One year, three explosions and no justice

It’s now been one year since the terrorist attack in New Delhi on October 29 2005. Three explosions tore through the capital on that day:

  • The first explosion (Paharganj explosion) occurred outside Delhi Railway Station. … When the explosion took place large number of people were eating golgappas in the adjoining snacks-cum-sweet shop resulting in the high number of deaths in the area.

  • The Govindpuri explosion, which took place inside a bus, injured nine people, four critically. 35-40 people were travelling in the bus when the conductor of the bus spotted a suspicious plastic bag which none of the passengers claimed. The passengers were already suspicious as a man had climbed aboard the bus and refused to buy a ticket, according to the BBC, leaving his large, black bag aboard. The driver and conductor of the bus quickly alerted and disembarked the passengers and, by doing so, minimised the damage when the bomb was thrown out of a window. …

  • The third and the most devastating explosion took place in a very crowded corner of the busy Sarojini Nagar market. … The bomb went off near a vendor using a gas cylinder, which exploded, triggering multiple explosions and leading to an outbreak of fire in a row of shops….

The second bomb attack, targeting the innocent travelers on the bus, reveals the quick-thinking courage that the average man is capable of when fate calls upon them for it. The cost of that heroism: the hero's eyesight.

Among those who had come to pay their respects to the victims was Kuldeep Singh, the conductor of the ill-fated bus, who lost his eyesight while trying to throw away the bomb. His prompt action saved the lives of at least 70 passengers who were returning home after work. "Though I have lost my eyesight and my right hand in the blast, I have the satisfaction that I succeeded in saving the lives of many people," said Kuldeep Singh.

The evil of the attacks is horror aplenty, but sadly an additional spectre haunts the surviving victims and their families... no justice.

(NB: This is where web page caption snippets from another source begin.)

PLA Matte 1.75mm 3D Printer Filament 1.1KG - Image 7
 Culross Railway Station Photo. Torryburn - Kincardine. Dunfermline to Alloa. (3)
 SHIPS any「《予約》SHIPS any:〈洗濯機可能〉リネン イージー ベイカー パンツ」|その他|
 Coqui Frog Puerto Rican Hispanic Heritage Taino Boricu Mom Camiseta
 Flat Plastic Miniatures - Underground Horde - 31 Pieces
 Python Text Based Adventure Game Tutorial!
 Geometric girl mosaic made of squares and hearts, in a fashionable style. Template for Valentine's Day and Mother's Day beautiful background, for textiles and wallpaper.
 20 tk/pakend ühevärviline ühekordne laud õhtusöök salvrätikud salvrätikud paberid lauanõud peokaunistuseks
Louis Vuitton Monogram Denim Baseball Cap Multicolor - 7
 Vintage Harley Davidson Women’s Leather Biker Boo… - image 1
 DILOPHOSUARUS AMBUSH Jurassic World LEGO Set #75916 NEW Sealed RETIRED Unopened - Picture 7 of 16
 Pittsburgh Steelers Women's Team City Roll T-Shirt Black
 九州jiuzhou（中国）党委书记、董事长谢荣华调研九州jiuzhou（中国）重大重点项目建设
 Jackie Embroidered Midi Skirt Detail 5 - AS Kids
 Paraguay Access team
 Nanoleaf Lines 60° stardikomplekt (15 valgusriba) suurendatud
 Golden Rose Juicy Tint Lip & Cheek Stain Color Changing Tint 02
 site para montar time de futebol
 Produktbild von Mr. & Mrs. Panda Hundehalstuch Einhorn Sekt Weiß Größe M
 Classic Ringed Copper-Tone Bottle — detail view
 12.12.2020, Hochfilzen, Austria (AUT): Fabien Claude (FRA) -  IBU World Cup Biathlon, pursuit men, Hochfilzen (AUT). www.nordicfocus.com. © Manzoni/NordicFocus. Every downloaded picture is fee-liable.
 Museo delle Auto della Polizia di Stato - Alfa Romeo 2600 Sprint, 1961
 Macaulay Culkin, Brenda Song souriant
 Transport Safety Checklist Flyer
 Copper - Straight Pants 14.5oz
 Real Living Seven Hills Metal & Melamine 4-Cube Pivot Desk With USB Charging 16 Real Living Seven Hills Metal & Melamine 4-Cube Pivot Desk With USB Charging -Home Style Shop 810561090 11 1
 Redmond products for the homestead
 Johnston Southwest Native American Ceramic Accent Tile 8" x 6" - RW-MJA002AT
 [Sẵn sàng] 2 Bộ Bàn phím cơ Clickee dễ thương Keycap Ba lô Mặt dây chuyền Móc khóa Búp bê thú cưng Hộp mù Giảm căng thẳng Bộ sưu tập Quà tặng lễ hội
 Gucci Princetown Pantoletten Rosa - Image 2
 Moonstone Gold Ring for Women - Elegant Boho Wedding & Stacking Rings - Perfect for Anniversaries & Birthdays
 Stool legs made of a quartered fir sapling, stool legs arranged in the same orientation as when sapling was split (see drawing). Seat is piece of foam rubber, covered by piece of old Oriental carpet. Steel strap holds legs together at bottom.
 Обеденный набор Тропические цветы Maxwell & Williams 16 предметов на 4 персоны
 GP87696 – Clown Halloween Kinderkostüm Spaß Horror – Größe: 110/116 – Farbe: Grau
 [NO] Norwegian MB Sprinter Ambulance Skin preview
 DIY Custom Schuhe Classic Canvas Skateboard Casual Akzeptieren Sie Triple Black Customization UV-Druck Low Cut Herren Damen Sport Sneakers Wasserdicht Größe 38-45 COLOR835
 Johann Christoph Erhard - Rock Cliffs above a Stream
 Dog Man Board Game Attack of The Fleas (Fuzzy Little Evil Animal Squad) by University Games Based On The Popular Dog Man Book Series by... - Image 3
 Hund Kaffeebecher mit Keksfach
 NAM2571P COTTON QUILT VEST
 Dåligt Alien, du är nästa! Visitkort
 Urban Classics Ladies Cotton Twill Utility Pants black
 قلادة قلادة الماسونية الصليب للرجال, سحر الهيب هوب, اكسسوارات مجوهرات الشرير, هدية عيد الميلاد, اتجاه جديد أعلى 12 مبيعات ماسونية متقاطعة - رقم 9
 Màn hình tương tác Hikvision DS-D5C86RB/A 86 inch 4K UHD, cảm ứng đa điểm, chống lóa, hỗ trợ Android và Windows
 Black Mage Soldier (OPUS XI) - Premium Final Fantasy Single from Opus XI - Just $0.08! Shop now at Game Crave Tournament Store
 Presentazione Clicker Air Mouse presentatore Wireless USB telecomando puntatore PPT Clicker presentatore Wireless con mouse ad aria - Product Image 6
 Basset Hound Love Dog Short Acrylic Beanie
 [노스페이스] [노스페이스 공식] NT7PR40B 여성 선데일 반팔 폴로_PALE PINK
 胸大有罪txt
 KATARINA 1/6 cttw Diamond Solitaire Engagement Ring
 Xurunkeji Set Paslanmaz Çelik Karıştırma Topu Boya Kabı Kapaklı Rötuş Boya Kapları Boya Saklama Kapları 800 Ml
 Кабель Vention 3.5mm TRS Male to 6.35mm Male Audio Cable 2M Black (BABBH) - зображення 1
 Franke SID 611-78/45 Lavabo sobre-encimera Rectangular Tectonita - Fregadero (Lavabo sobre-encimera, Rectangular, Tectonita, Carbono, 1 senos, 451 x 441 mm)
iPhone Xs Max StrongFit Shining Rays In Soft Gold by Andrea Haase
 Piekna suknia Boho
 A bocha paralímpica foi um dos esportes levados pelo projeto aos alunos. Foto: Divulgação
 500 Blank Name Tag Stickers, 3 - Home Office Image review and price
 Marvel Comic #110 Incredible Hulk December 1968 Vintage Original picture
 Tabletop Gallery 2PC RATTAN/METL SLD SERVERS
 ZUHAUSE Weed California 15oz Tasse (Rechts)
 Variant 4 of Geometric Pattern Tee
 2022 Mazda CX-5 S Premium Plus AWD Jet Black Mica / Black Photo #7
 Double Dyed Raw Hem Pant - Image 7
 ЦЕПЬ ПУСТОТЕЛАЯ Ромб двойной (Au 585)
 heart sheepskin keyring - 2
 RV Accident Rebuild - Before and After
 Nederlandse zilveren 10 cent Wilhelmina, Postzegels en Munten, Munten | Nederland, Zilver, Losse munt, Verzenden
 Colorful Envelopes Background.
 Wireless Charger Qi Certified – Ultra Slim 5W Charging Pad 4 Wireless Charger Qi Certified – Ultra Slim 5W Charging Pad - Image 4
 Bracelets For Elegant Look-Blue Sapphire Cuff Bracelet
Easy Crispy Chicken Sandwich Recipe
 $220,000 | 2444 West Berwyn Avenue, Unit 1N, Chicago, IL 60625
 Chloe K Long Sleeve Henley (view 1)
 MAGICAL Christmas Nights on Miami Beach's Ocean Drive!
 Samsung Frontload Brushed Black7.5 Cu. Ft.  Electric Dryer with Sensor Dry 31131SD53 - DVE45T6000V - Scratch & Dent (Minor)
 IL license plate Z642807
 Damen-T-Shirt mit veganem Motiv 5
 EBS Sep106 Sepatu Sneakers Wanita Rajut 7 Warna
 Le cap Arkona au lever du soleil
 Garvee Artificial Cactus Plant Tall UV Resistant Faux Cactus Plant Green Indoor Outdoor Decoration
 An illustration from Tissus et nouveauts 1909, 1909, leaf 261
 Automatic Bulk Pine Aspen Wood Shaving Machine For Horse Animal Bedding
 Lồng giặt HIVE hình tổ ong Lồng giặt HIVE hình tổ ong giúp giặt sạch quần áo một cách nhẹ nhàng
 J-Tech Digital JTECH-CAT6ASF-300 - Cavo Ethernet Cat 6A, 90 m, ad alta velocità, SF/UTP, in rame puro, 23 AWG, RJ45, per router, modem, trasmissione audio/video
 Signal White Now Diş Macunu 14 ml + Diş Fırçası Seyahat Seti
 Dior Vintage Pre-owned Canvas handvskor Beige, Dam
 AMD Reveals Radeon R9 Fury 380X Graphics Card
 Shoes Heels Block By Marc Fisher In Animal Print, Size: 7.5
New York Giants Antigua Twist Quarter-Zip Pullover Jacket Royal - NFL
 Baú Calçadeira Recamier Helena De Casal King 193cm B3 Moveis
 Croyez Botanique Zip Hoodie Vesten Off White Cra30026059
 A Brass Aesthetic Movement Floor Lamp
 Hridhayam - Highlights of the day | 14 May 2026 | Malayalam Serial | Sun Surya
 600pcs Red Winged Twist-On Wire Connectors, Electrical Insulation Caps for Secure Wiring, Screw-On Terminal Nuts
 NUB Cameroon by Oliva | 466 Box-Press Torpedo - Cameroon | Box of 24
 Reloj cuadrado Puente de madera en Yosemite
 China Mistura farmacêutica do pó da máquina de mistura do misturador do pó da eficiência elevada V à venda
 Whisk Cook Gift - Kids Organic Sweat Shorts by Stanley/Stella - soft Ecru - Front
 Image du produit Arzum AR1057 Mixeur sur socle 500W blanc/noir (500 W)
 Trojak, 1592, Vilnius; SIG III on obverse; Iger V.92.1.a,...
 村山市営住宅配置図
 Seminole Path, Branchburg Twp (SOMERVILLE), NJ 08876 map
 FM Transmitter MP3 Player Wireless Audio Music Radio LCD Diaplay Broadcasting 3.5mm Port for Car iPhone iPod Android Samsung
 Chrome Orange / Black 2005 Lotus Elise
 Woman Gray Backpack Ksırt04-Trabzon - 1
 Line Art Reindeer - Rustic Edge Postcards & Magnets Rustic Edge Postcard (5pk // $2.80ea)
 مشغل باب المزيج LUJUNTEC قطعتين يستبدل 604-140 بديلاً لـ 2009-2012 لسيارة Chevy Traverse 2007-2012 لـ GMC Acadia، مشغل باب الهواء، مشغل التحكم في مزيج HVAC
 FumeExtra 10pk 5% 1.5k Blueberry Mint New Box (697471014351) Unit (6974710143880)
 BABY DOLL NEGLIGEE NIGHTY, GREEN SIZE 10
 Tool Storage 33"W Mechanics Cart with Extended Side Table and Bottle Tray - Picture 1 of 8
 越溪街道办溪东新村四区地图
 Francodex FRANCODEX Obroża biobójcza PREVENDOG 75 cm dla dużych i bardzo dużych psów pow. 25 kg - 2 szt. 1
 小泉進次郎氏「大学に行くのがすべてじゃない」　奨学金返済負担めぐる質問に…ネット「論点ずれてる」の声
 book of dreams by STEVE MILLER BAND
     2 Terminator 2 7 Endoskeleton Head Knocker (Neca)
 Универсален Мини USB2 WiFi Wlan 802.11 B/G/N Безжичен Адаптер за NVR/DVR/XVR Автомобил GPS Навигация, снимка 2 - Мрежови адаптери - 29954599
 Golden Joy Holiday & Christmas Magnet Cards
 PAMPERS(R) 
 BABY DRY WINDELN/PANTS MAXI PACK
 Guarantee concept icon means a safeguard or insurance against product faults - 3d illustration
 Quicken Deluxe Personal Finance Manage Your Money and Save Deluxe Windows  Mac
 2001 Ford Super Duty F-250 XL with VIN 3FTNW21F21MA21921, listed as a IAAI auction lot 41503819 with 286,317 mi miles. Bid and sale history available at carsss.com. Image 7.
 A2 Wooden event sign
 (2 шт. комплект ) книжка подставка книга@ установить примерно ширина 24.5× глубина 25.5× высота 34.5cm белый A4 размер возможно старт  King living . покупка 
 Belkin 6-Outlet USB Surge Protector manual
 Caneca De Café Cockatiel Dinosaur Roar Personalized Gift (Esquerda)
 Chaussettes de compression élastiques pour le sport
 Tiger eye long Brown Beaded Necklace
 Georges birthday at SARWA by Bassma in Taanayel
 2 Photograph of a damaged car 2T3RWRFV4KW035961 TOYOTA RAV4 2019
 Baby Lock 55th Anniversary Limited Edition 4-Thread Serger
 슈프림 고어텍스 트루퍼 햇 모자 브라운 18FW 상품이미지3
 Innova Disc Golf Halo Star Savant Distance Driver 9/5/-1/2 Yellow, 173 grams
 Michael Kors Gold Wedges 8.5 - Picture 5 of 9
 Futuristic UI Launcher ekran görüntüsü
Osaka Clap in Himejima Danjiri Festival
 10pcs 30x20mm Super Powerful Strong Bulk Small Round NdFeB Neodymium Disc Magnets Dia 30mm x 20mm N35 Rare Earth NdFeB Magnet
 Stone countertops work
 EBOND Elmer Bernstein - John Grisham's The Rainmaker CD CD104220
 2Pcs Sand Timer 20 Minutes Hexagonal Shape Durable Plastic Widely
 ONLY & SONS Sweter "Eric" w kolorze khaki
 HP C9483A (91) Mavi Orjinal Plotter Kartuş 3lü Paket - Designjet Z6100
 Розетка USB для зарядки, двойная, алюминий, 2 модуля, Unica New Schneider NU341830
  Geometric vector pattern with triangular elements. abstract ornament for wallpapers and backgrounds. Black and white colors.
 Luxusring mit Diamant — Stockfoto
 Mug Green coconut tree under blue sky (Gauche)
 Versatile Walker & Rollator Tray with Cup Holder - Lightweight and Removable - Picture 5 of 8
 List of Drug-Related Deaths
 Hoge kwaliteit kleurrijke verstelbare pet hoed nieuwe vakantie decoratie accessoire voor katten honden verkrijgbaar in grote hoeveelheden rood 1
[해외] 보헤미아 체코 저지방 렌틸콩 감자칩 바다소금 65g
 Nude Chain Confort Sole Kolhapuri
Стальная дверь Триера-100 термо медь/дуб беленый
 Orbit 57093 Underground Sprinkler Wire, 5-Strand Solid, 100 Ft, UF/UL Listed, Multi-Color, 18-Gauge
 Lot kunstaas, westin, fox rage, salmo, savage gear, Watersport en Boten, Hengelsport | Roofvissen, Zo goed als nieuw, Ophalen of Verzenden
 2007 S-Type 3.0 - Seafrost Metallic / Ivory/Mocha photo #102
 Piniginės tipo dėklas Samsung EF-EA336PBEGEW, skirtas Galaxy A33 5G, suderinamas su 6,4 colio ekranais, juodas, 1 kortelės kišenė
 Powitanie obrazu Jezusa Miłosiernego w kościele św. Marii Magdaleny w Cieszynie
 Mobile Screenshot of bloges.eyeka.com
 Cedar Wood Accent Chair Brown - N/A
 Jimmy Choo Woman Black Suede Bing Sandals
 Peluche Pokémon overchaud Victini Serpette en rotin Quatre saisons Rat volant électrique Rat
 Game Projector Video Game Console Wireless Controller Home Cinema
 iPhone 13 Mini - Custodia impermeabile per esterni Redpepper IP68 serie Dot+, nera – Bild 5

"Life has completely changed for us in the past one year," said Bhagwan Das, whose son Michael John Das, daughter-in-law Sunita and grand-daughter Elwin were among the 40 people killed after the bomb explosion at the bustling Sarojini Nagar market few days before Diwali last year.
..."Earlier we were a family of six but now we are only three left. We have still not been able to move on after the tragedy. My wife continues to be in a state of depression and her health is deteriorating every day," said Das as tears rolled down his eyes. ... He, however, added, "It is not easy to live when you know that those who killed your children have not been punished."
...."We want justice from the government. Why have they not taken any action against those involved in the blast?" asked Kavita Bhasin, who lost her mother, a sister and niece in the 29/10 blast. "These people who roam around in police protection have no value for the lives of innocent people who are killed in such cowardly acts," she added.
"The only thing given to us is compensation money. We are not beggars, we will contribute money and give it to ministers if their family members are killed by terrorists," she added before breaking down in tears.
"The politicians have no respect for human lives. They have insulted our family members by not taking any action to nab those involved in the blast," she said.
Similar reactions came from Manisha who lost her eight-month-old daughter in the blast. "It is painful to see that the government has done little to prevent such attacks. We have lost our loved ones and we want those involved in the blast to be brought to the book."

"We want justice for them so that their souls can rest in peace," she said.

We all do. Except leftist elites, evidently, who think throwing money at shattered people with deep holes in their lives can somehow suffice in soothing their grief. That alert bus conductor wasn't thinking of a raise when he risked his life to toss a probable bomb out his vehicle's window... he was thinking of his humanity, and the common bond he shares with the other riders on his bus.